Von Hippel–Lindau (VHL) Disease Treatment | ID Cancer Center

Von Hippel–Lindau (VHL) disease is a rare, inherited genetic condition that causes tumors and cysts to develop in multiple organs, including the brain, spinal cord, eyes, kidneys, pancreas, and adrenal glands. Some tumors are benign, while others can become cancerous, making early diagnosis and lifelong monitoring essential.

What Is Von Hippel–Lindau Disease?

VHL is caused by a mutation in the VHL tumor suppressor gene, leading to abnormal cell growth. Key features include:

  • Hemangioblastomas (blood vessel tumors) – brain, spinal cord, retina

  • Kidney tumors & cysts – including renal cell carcinoma

  • Pancreatic cysts & neuroendocrine tumors

  • Adrenal tumors (pheochromocytoma)

  • Endolymphatic sac tumors (inner ear)

Because it affects multiple organs, coordinated, multidisciplinary care is essential.

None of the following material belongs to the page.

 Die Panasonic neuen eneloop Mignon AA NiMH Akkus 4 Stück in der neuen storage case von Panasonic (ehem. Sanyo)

Common Symptoms of VHL Disease

Symptoms vary depending on the organ involved:

Neurological (Brain & Spinal Cord)

  • Headache

  • Balance problems

  • Weakness or numbness

  • Vision disturbance

Eye (Retinal Hemangioblastomas)

  • Blurred vision

  • Floaters

  • Vision loss (if untreated)

Kidney (RCC or Cysts)

  • Blood in urine

  • Flank pain

  • Abdominal lump

Adrenal Gland (Pheochromocytoma)

  • High blood pressure

  • Palpitations

  • Sweating and anxiety

Pancreas

  • Abdominal pain

  • Hormonal symptoms (if neuroendocrine tumor)

Because VHL tumors can grow silently, regular screening is crucial.

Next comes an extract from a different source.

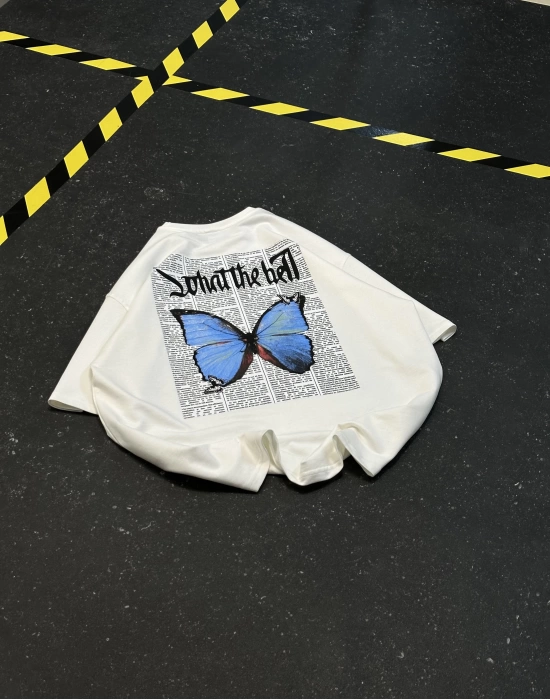 What Oversize Unisex Tshirt - Beyaz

How Is Von Hippel–Lindau Disease Diagnosed?

At I D Cancer Center, diagnosis involves:

1. Detailed Clinical Evaluation

Family history, symptoms, and physical examination.

2. Genetic Testing

Confirms VHL gene mutation.

3. Advanced Imaging

  • MRI of brain & spine

  • MRI abdomen for pancreas, kidney, adrenal glands

  • CT scan when required

  • Ultrasound for rapid tumor screening

4. Eye Examination

By a retinal specialist to detect early hemangioblastomas.

Early detection of tumors significantly improves outcomes.

Treatment Options for VHL Disease at I D Cancer Center

Treatment depends on tumor type, size, and location. Our multidisciplinary team includes oncology, neurology, urology, endocrinology, and radiology specialists.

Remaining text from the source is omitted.